İkinci Baskı’ya müdahale etmemde bir başka neden de, konuya dair yayınlanan yeni kitapların içeriği olmuştur. Son beş altı yıldır hem telif hem de çeviri diyeceğimiz pek çok dil felsefesi kitabı raflardaki yerini aldı. Bu nedenle yeni kitap içeriklerini de genişletme çalışmasında dikkate alma ihtiyacı olmuştur. Dolayısıyla dil meselesiyle ilgilenenlerin yakından tanıdığı üzere, temel kaynak niteliğindeki birçok çalışmaya kimi zaman ayrıntılı da sayılacak biçimde yer verilmiştir. Bu yer vermelerin de etkisiyle üç bölümden oluşan eser şimdi dört bölüm olarak yayınlanmaktadır.

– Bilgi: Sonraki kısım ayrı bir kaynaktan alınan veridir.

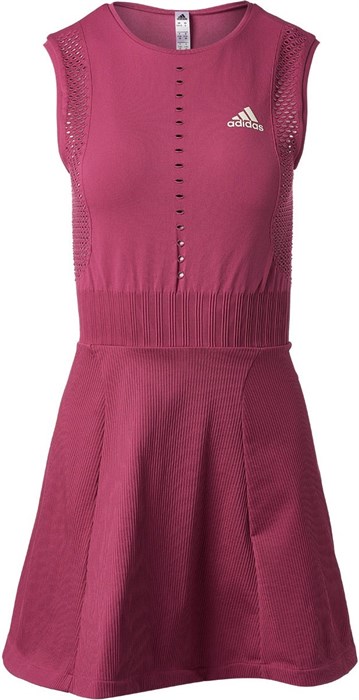 Платье женское Adidas Primeblue Primeknit Wild Pink  GL5708  sp21 - фото 22860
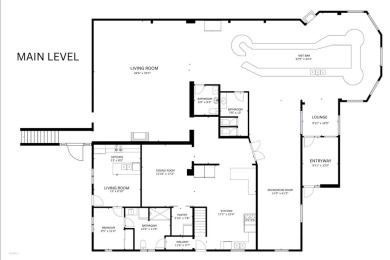 JUST WAIT UNTIL YOU SEE THIS ONE!!!  Spacious Home or Turnkey on Rolling Knolls Golf Course in Iowa - for sale on GolfHomes.com, golf home, golf lot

Birinci Baskı Kültür Bakanlığı yanında pek çok okurun, değişik mesleklerden kişi ve çevrelerin ilgisini çekmişti, umarım elinizdeki metin daha olmasını önerir da ilgi çekici, ufuk açıcı, bakışları genişletici bir etki bırakacaktır. Kitabın şimdiki haline eleştirel bir ruhun egemen olduğu gözlerden kaçmayacaktır; buna benzeterek Dil Felsefesi’ne bakışın da eleştirel, iyi okumalar dilerim.